I need to create a Vector database in AWS. I was using Pinecone in my POC, but for safety reasons the company need something inside AWS. I saw some people recommending to use OpenSearch, but I read in a blog that OpenSearch don’t really do Vector Search
Documented in
https://www.elastic.co/blog/text-similarity-search-with-vectors-in-elasticsearch
the approach to vector search has exactly the same limitation as what
we observed with Solr: it will retrieve all documents that match the
search criteria (keyword query along with filters on document
attributes), and score all of them with the vector similarity of
choice (cosine distance, dot-product or L1/L2 norms). That is, vector
similarity will not be used during retrieval (first and expensive
step): it will instead be used during document scoring (second step).
Therefore, since you can’t know in advance, how many documents to
fetch to surface most semantically relevant, the mathematical idea of
vector search is not really applied.
Does any one know any alternative, or is OpenSearch the best we can do in AWS? I read some people talking about using DynamoDB too, but I didn’t fully understand how it work. If any one have any ideas or suggestions I would really appreciate.
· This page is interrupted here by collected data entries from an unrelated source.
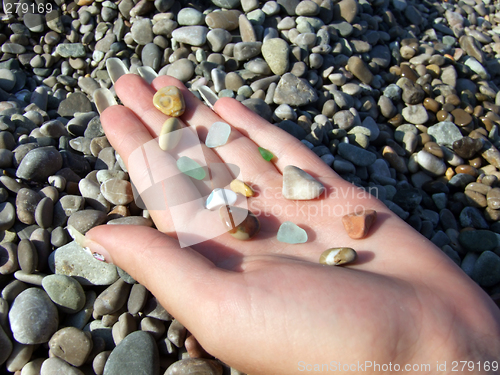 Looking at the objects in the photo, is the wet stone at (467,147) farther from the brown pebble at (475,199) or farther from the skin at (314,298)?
the skin at (314,298)

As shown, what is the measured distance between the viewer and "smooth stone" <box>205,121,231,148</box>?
74.9 inches

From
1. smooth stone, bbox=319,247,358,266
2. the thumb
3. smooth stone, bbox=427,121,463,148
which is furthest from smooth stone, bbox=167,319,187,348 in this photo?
smooth stone, bbox=427,121,463,148

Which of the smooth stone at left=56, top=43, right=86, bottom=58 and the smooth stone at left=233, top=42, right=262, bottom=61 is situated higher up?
the smooth stone at left=233, top=42, right=262, bottom=61

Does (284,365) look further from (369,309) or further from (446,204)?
(446,204)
Souce: https://towardsdatascience.com/speeding-up-bert-search-in-elasticsearch-750f1f34f455
2
Answers
Amazon OpenSearch has a vector based search plugin called as
kNN
and has experimental features to allow users to perform semantic search.Reference: K-NN
AWS K-NN
Semantic Search feature
try some newer ones like qdrant, weaviate, milvus . A lot easier to use and less resource hungry than opensearch.